*Data below:*

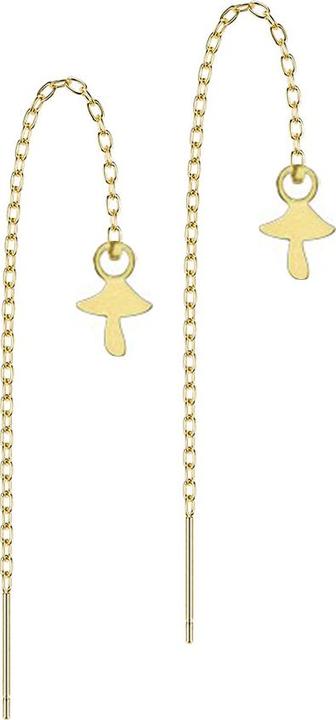 Star Piercing Ohrstecker vergoldet freifallende Kette Pilz (Chirurgenstahl 316L, ohne Messing)
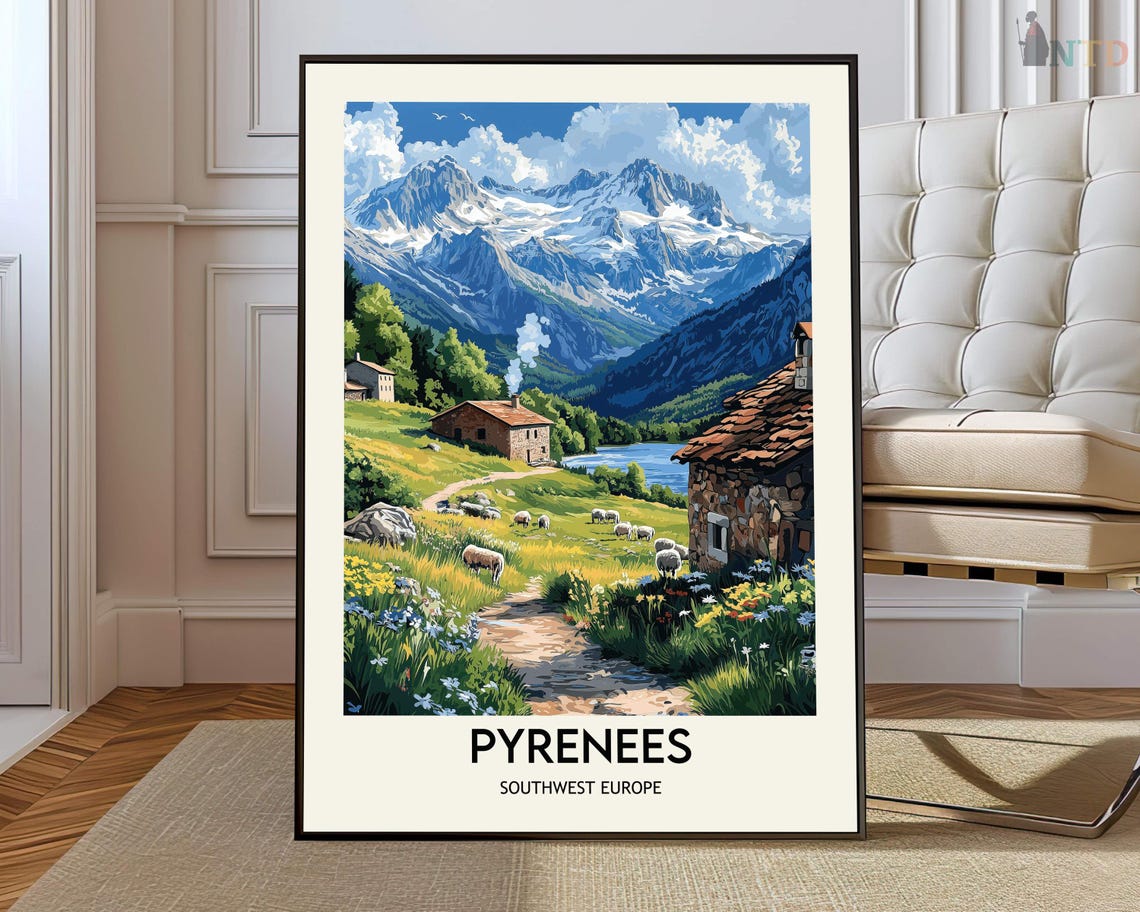 Pyrenees Poster Wall Art Print Photo Travel City Map
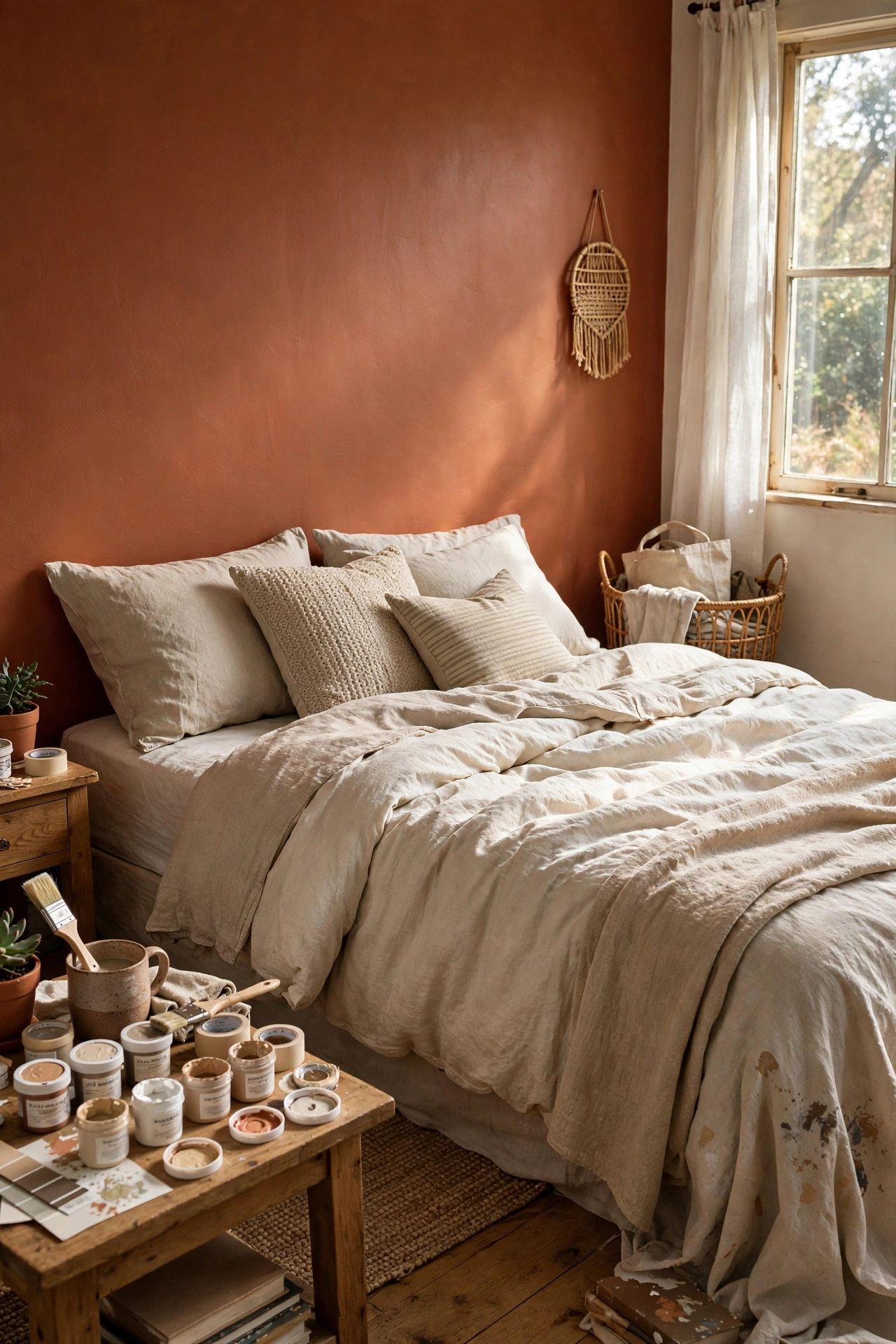 Warm terracotta accent wall behind a bed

*Required work:* Emit an exact copy of the lines from the line bearing "Pyrenees Poster Wall" through the last line above, inclusive, and leave the images out.

*Solution to this task:*
 Pyrenees Poster Wall Art Print Photo Travel City Map
 Warm terracotta accent wall behind a bed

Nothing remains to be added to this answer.